About latencies

Latency is unavoidable when working with digital signal processing since the analog signal has to be converted into a digital signal in the first place. Next the digital signal has to be processed and then again re-converted into an analog signal. The amount of time for the A/D and D/A conversion and signal processing is typically:

  Delay equivalent distance *)
A/D converter 0.5 ms 0.17 m
D/A converter 0.5 ms 0.17 m
Buffering for digital signal processing **) typically
3.5 - 30 ms
1.16 m - 9.90 m

*) For example as the velocity of sound is approx. 330 m/s, the sound needs 1 ms for 0.33 m.

**) For example at a sampling rate of 44.1 kHz and a buffer size of 1024 samples you need at least 1024/44.1 ms = 23.2 ms to fill the buffer.

So what?

... you might think. But: The greater the delay the harder it is to exactly hit the metronome beat.

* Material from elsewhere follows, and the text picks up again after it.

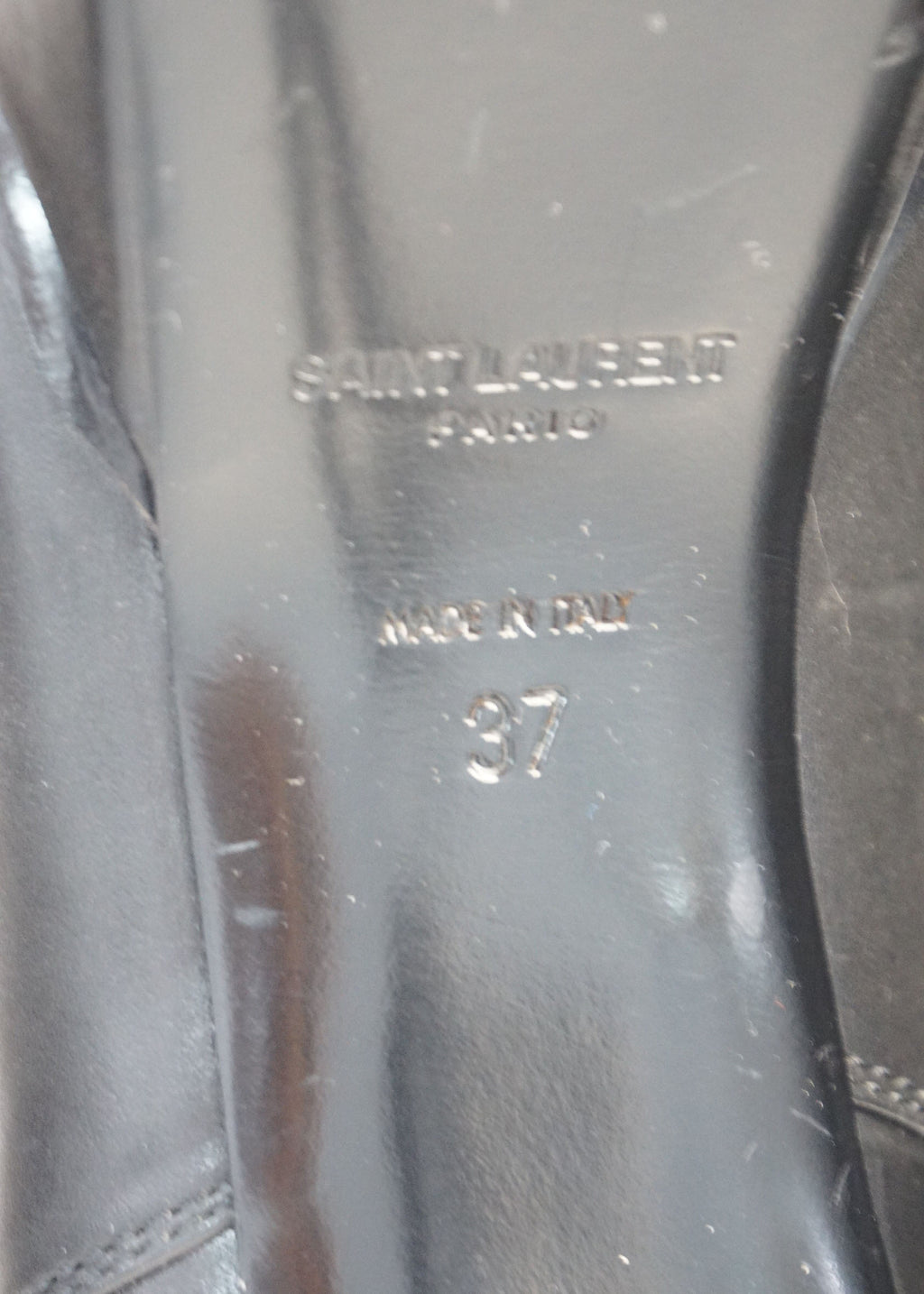 Saint Laurent - Botines negro (con caja original)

For example on larger stages you need to have the drums on the monitoring speakers as it is hard to play tight on the groove when the drum set is farther away than approximately 3 m.

My recording experiences are:

Delay Equivalent Distance Feeling to hit the Metronome
4.5 ms 1.5 m Excellent
6 ms 2.0 m Good
10 ms 3.3 m Ok
15 ms 5 m Difficult
> 15 ms > 5m Awful

When playing acoustic piano or acoustic guitar there is typically a distance of 1-2 m from the sound source to the player´s ears. And also for electric guitars a distance of 3 m from the speaker to the player is still OK. But if you try to play for example with the help of a wireless equipment 10 m and more away from the speakers, then it feels like playing on another planet because of the latencies.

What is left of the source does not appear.